Edouard Malingue Gallery is delighted to present female artist He Yida’s solo exhibition, “Dwells in the Solid Shadow of the Unreachable” during the November art season in Shanghai. Comprised of the artist’s latest works, the exhibition focuses on two critical aspects of her ongoing practice: a reinvestigation of our understanding of familiar urban elements and her passionate exploration of the language of sculpture. He Yida’s practice has never involved “creating works”; in her own words, “I don’t make new things, what should be here in this world has already been created, my practice is to observe, unearth and study the objects around me through my presentation. And what drives my research is to discover the ways of perceiving the world.”
He Yida draws inspiration from various corners of the city, be it the abandoned objects on the street, the frames left from cut-off metals, fragile surfaces covered in plaster – these have all been the objects of emulation in her work.
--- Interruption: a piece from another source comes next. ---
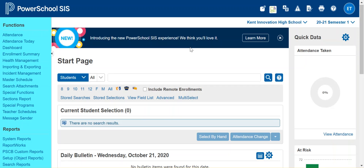Hello, in this tutorial we are going to cover how to change attendance in mass for a group of students. In this example we are going to select all of the students in our building and in their attendance we're going to change all of the default blank presence to an attendance code of P for present.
Through meticulous structural planning, her practice challenges the aesthetics of everyday life, the relationship between the objects, and searches for the origin of art on a broad scheme, while resisting the value of monumentality. He Yida’s adoption of the readymade for her practice is grounded on the consolidation of materials: she observes the curves, textures, weight of these materials before she selects from their existing qualities to bring them together into a new ensemble. Hence, He Yida has developed a sculptural language that is uniquely hers: on the one hand, it acknowledges the former practicality of the object, on the other, it builds a conspicuous yet grand and dexterous theater of objects gathered from the street.
A set of amalgamated rods emerge from the ground, a carved out metal panel existing as the base. To the bottom a carved piece of plaster anchors the sculpture. In effect, there is a not to the iconic Roman column yet it does not appear in its formal essence. Absence is a subject matter He Yida addresses but is ambivalent in displaying. Through her latest works, although the pieces may vary in forms, dimensions and applied materials, the “void” is always present. What are the ways in which we conceive things? What gives them the form they “should” have? He Yida tries to present the missing parts for us to look at the absent “protagonists”, and as irrelevant as these objects may be, the abandoned elements, parts, raw materials, are configured according to their true forms and contours.
Thin and sharp metal is a material He Yida often uses in her work. She appreciates its fragility and lightness with a sense of presence, the qualities that seem to foster greater possibilities in the language of sculpture. He Yida’s initial interest in using the blind was from the installation of this everyday item in her art studio and home. The visual order and subtlety, the handle on the blind, and an idle pulling cord could cause chaos. The cord hanging from the blind has been partly cut off. This is where disarray occurs, like many of He Yida’s previous works – one finds order and chaos in the same context. The useful parts in a child’s architecture model are removed and used as the blueprint; she uses silver spray paint to highlight the “useful parts” on the blind, allowing the notion of the “void” to emerge again in this work.
The dividing walls made of hollow PET sheets is the largest work in this exhibition. He Yida decided to turn the functionality of this part as the installation itself in her decision to make wall dividers. The lightness of this material and its hollow structure provide greater structural possibilities, in which, He Yida fills the PET sheet with white liquid (paint and glue), and the residue left on the inner surface unexpectedly turned the PET sheet into the common white walls in the art gallery. Since her earlier practice of pouring paint into transparent sacks and casting metal structures in silicon and dripping paint over the mirror sheet, He Yida has integrated the qualities of liquids into her artistic system. For her, the liquid is a material that can be poured, spread into its forms its an uncontrollable element and the perfect candidate to fabricate chaos.
For He Yida, exploring the language of sculpture is synonymous to the process of searching for the truth where the various materials become manifestations of different qualities. Be it light or heavy, flat or creased, soft or rigid, they are only embodiments of a language of expression in sculpture without being the conduit for content. The objects are still themselves, and sublimating the mode of expression as content is what He Yida calls “truthful exploration”.